* ABOUT THIS EXERCISE *
Where a picture appears in the data below, exclude it; restate everything else word for word.

* LISTED ENTRIES *
*** Begin section ***

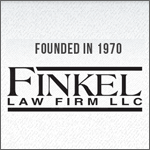 Finkel-Law-Firm-LLC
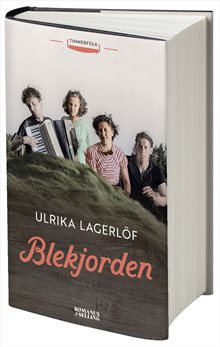 Blekjorden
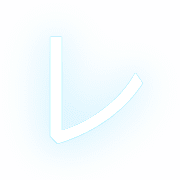 122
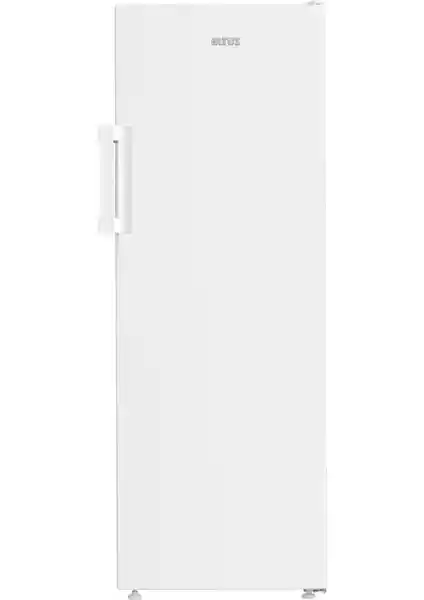 Altus Al 709 Nfe Enerji Sınıfı 260 Lt No-Frost Derin Dondurucu İncelemesi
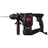 Parkside PPBH 1050 A1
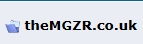 Themgzr.co.uk Ltd, Ynysybwl opening hours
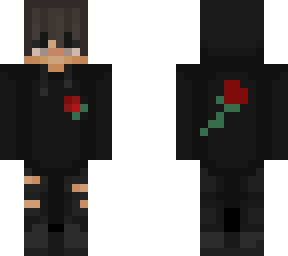 eboy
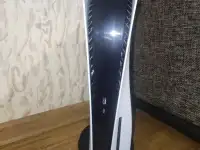 Sony PlayStation 5, фотография 3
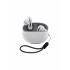SWORD SW-2110 PRO NINVE ANC ENC TWS BLUETOOTH KULAKLIK WHITE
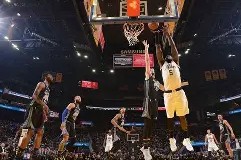 STAR SPORTS下载-赛后费城76人备战NBA常规赛，队长鼓劲细节曝光，目标明确，赛季目标并未改变的简单介绍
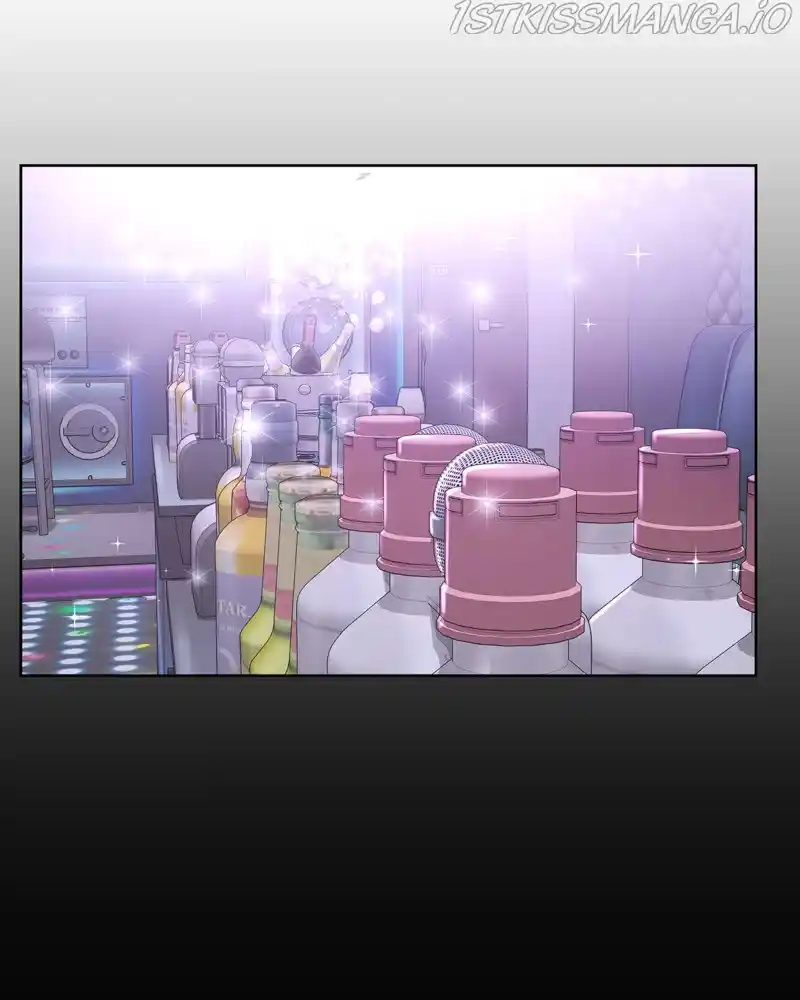 The Hip Guy Chapter 64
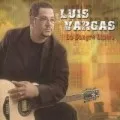 La sangre llama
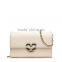 latest college girls shoulder bag china brand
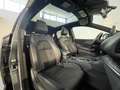 Nissan Qashqai Qashqai MHEV 140 CV Tekna Grijs - thumbnail 27
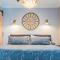 Meranova Guest Inn - ديوندين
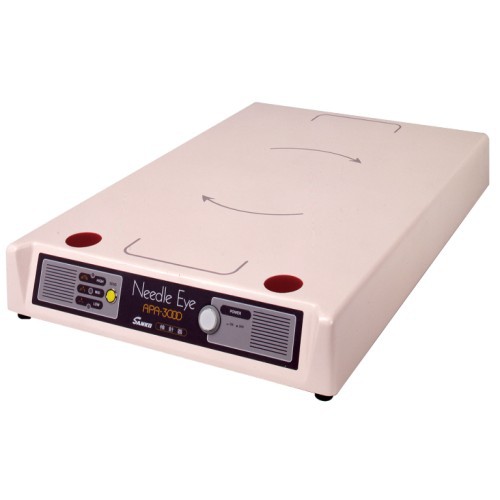 原装进口 ！！ SANKO山高  SK-1200Ⅲ 台式检针器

*** End section ***

* ANSWER SPACE *
 Finkel-Law-Firm-LLC
 Blekjorden
 122
 Altus Al 709 Nfe Enerji Sınıfı 260 Lt No-Frost Derin Dondurucu İncelemesi
 Parkside PPBH 1050 A1
 Themgzr.co.uk Ltd, Ynysybwl opening hours
 eboy
 Sony PlayStation 5, фотография 3
SWORD SW-2110 PRO NINVE ANC ENC TWS BLUETOOTH KULAKLIK WHITE
 STAR SPORTS下载-赛后费城76人备战NBA常规赛，队长鼓劲细节曝光，目标明确，赛季目标并未改变的简单介绍
 The Hip Guy Chapter 64
 La sangre llama
 latest college girls shoulder bag china brand
 Nissan Qashqai Qashqai MHEV 140 CV Tekna Grijs - thumbnail 27
 Meranova Guest Inn - ديوندين
 原装进口 ！！ SANKO山高  SK-1200Ⅲ 台式检针器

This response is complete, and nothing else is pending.